Sebelum beranjak ke hal berbau teknis dan impresi berkendara, pantas mengulas rupa anyar yang semakin atraktif. Akhirnya Avanza dan Xenia punya paras sangat berbeda. Tadinya agak sulit dikenali dan harus meneliti logo pabrikan tersemat. Kini dibedakan sesuai rancangan masing-masin. Terus terang, saya lebih menyukai muka Xenia daripada Avanza. Grille terbagi dua menciptakan moncong tegas, sangar serta tatapan tajam. Rumah lampu kabut mirip Sigra, begitu pula sudut menyiku sebagai tudung.

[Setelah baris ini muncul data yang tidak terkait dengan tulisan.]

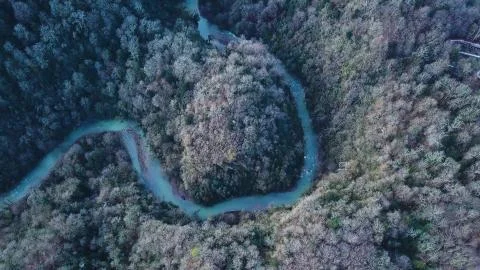 Top view on winding river and mountain. Clip. Aerial View on flying over the Stock Photos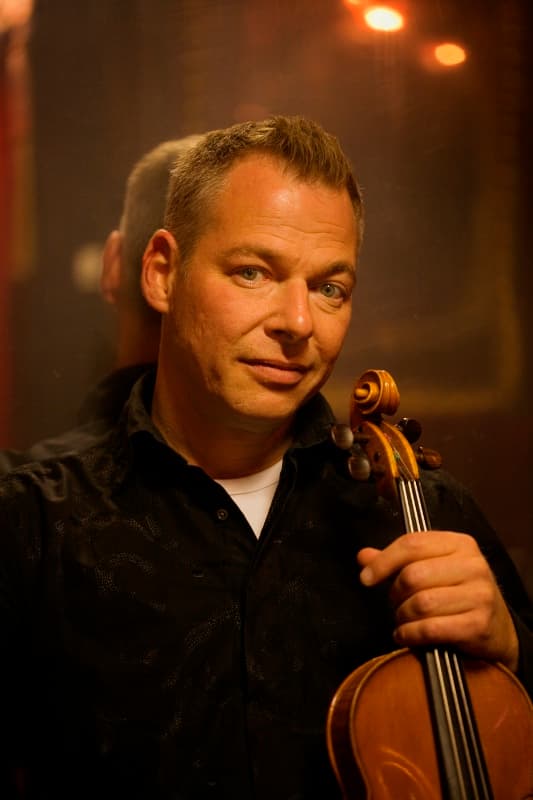 A man holding a violin, looking at the camera, with a reflective background and warm lighting.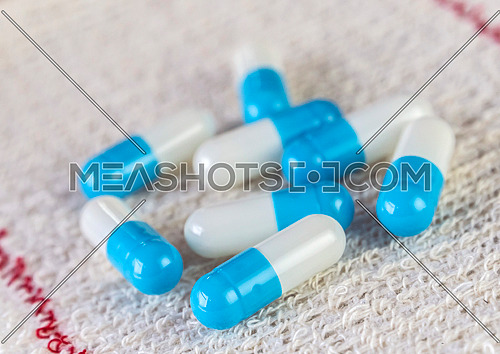 Some white and blue pills wrapped in gauze, conceptual image
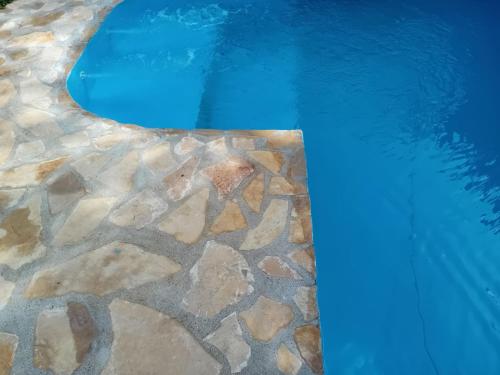 a swimming pool with a stone floor and blue water at Bazen in Sarajevo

Asyiknya, Daihatsu seperti tobat merias dengan banyak aksen kromium. Mencuatkan sisi kesederhanaan yang justru lebih memancarkan mewah. Tapi tidak ditemui aliran dinamis sedap dipandang. Satu garis tegas menyapu datar dari lampu depan hingga belakang. Dikombinasikan lingkar fender menonjol ciri sebuah SUV. Tampak terlalu ramai meski kesan berototnya keluar. Mungkin dikarenakan Pola atap dan jendela yang kontras. Area depan bersudut lebar sedangkan belakang menukik tajam untuk menciptakan efek atap mengambang.
Secara keseluruhan profil Xenia sangat berubah. Efek sasis monokok membuat bodi lebih 'membumi'. Tampak rendah dan panjang, tak lagi mencirikan minibus membosankan. Apakah paling menarik di kelasnya? Terus terang tidak kena ke selera pribadi saya. Rival yang baru saja facelift (Baca: Xpander) masih begitu memikat pandangan mata dari segala sudut. Setidaknya rancangan dasar Xenia selama 17 tahun akhirnya punah juga. Malah sekarang ibarat entitas baru melenceng dari leluhurnya. Seandainya menyandang nama lain pun bisa saja.
Sebagai mobil keluarga, kepraktisan dan akomodasi penumpang wajib prioritas utama. Melarnya seluruh dimensi (4.395x1.730x1.690 mm) dan wheelbase 2.750 mm, menyajikan kabin semakin lapang. Sasis monokok membuat lantai lebih rendah. Lalu tidak ada lagi drive shaft membuat hilangnya gundukan besar di tengah. Ditambah jarak antarsumbu roda melar, menghasilkan ruang kaki ekstralapang di baris kedua. Baris ketiga juga cukup lega untuk orang dewasa. Area kaki bisa diatur luasnya lewat pengaturan baris kedua yang bisa digeser.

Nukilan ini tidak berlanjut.